To: ellis838@concentric.net, alpines@autox.team.net
Subject: Re: Stopping oil leaks
From: MrZAG57@aol.com
Date: Sat, 29 Dec 2001 16:46:03 EST
In a message dated 12/28/2001 10:50:38 PM, ellis838@concentric.net writes:

<<   I would like to make this next engine leak as little oil as possible. 
There was a thread on making an aluminum side cover which I am going to 
try. Anyone have suggestions on the oil pan, those cork end gaskets are 
a pain. I had the best luck on a set I installed with no sealer of any 
kind. Used black sealer pretty much all over another set and the thing 
leaks like a sieve. Is it just me or are these end gaskets too long, 
should you stuff them in or trim them down to size. Will be using an 
aluminum pan on this engine. On to the timing cover, would like to stay 
with a stock type seal any suggestions. Looking through my pile of parts 
I have at least two different types of covers as far as the round oil 
slinger [?] thing goes, one has a rubber O ring and a lip it fits behind 
the other one did not have the O ring [maybe it should have?] and there 
is not a lip.

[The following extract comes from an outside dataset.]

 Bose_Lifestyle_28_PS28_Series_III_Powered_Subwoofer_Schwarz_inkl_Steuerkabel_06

The round slinger is slightly different on both. I think 
the second one of these covers is from a 1969 GT block. Thanks for any 
suggestions.  Jim >>

Hi Jim,

Here's my 2p. I can hardly wait to be put through the blender.

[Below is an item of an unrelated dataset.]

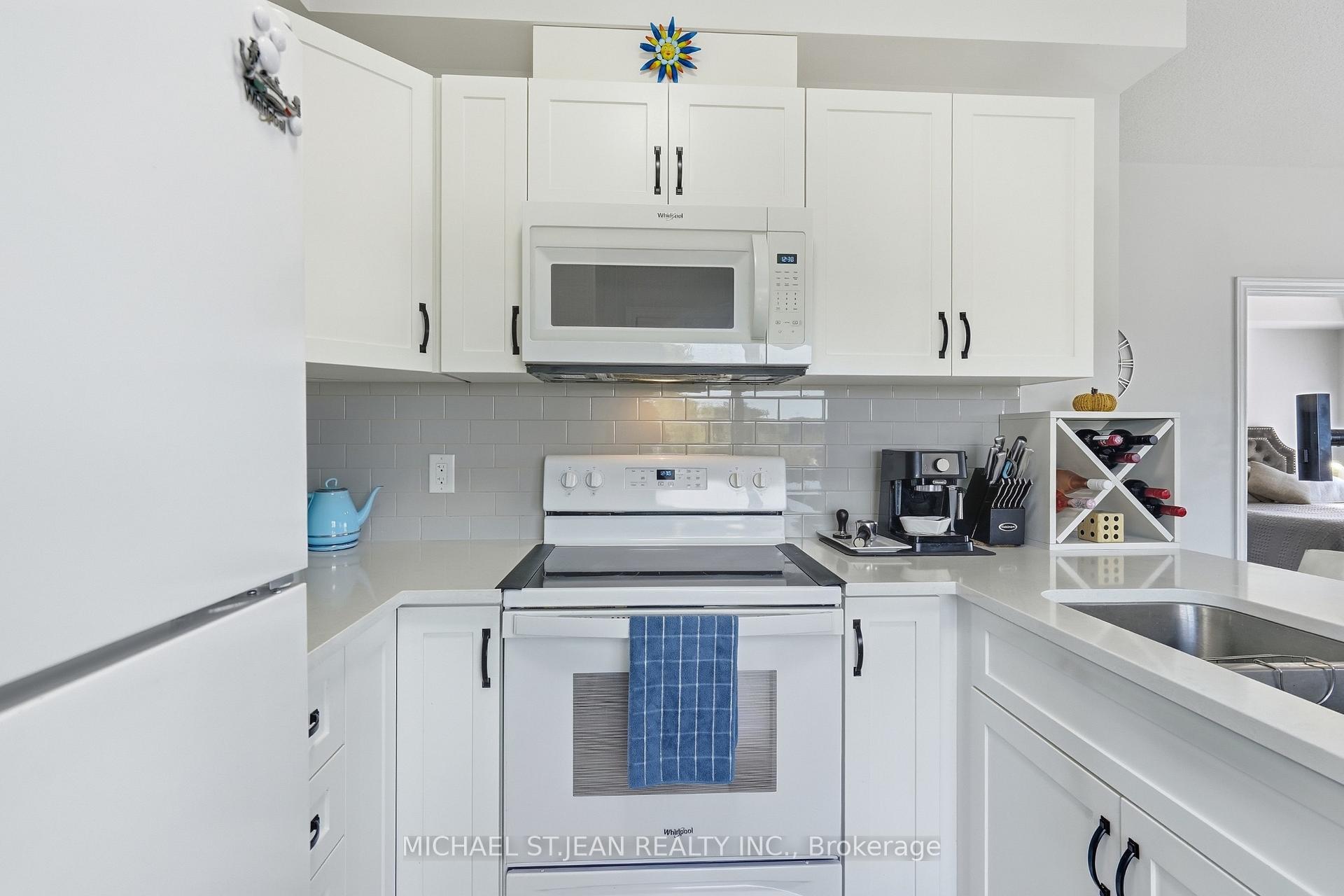 Photo 28 of Unit 316, 2605 Binbrook Road, Hamilton, Binbrook — HOMEH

I have built a number of Alpine engines over the last 20+ years.

Front Cover - Have you machine shop get a donor front cover from a SB Chevy 
and cut out the flange for the pressed in rubber seal. Have them carefully 
cut the Alpine cover to accept it and braise the puppy in. Next have them 
install the seal. Lastly have them epoxy a sleeve over the back of your 
engine's balancer. They will know how to solve all of the minutia.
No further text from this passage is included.